Another goal should be to show cultural humility. Tervalon & Murray-Garcia (1998) describe three key aspects of cultural humility: (1) a life-long commitment to self-evaluation and self-critique, (2) fixing power imbalances, and (3) developing mutually beneficial and nonpaternalistic partnerships with communities who advocate for others. For instance, it is important to be aware of one’s biases and stereotypical beliefs. Cultural humility involves treating the client as the expert on their experience. Therefore, cultural humility involves collaboration between the clinician and client, because each brings important knowledge. The client brings their knowledge of their situation, and their preferences. The clinician brings their scientific knowledge about strengths and difficulties, and about behavior change.

25.3.6 Do Not Assume or Stereotype

It is important to consider cultural factors; at the same time, groups are not monolithic and every person is unique. Do not assume about someone based on their demographics, which is stereotyping. Just because a person comes from a particular group does not mean the person shares all beliefs, behaviors, etc. with the group (Okazaki & Sue, 1995). Thus, it is important to be aware of within-group differences, as well (Leong & Kalibatseva, 2016; Okazaki & Sue, 1995), which are often as large or larger than between-group differences (Zuckerman, 1990). Show genuine interest and curiosity to get to know a person as an individual.

25.3.7 Ensure Adequate Representation of Under-Represented Groups in Research

There are important issues of generalizability of research findings. Participant samples historically have been largely White and middle or upper middle class. This reduces the potential generalizability of findings, and limits effectiveness of treatments to under-represented populations, many of whom have experienced discrimination and social disadvantage. Many groups, including people who are Black or Latine, and gender and sexual minorities have not been adequately represented in research studies. As a result, the knowledge gained from unrepresentative studies may not generalize to other under-represented groups. Science plays an important role in advancing knowledge that can lead to the development of new treatments. However, groups who are under-represented in research are less likely to benefit from the new treatments because the knowledge upon which the treatments were developed and tested may not generalize to the under-represented groups. Moreover, the lack of inclusion of under-represented groups in studies leads to inappropriate normative data. Thus, it is crucial to have better representation of historically marginalized and minoritized groups in science, including people who are Black or Latine, and gender and sexual minorities.

People from Finland and Sweden are often studied to examine health-related questions.
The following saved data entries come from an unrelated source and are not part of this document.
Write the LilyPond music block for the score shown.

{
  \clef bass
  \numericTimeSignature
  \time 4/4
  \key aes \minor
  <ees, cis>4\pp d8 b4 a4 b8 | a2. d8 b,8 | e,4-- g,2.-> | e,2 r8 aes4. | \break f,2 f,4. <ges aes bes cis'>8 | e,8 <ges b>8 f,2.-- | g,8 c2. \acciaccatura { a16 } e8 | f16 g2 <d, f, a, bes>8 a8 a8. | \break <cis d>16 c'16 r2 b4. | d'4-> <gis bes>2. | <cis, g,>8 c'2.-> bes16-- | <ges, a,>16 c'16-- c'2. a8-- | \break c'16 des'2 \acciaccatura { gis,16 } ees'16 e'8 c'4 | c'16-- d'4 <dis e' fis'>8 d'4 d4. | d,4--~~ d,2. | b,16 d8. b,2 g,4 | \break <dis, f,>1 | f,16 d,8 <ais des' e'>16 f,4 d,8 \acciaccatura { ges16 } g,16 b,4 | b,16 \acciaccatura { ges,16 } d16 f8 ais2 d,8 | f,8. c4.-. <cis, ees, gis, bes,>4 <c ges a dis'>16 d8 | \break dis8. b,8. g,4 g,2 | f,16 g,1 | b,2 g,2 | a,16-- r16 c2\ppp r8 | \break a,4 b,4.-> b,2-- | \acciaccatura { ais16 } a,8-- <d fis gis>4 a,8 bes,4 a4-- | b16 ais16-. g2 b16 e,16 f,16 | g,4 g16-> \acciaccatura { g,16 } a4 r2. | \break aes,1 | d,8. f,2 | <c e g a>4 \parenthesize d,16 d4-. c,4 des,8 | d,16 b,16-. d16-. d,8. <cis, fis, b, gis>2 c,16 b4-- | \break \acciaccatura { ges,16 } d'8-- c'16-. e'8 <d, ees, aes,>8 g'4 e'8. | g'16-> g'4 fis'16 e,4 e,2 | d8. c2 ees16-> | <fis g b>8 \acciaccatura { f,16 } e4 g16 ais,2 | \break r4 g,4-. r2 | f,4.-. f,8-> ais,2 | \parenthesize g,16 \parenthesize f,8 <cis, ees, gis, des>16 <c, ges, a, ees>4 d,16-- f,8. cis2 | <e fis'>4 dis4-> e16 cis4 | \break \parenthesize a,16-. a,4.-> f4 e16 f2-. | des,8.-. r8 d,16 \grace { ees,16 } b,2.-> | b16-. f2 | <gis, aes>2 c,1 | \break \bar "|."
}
Because they have a socialized health care system, the government keeps medical records on all citizens, so researchers can examine millions of participants, and can study rare conditions and behaviors with a low base rate, like suicide (Lysell et al., 2018). However, there are questions of generalizability from the Scandinavian population and health care system to those of other countries, including the United States. One could hypothetically use propensity score matching for matching their sample to other populations, but one cannot really do that because they have too many empty cells for propensity score matching due to too few people of various under-represented racial/ethnic groups.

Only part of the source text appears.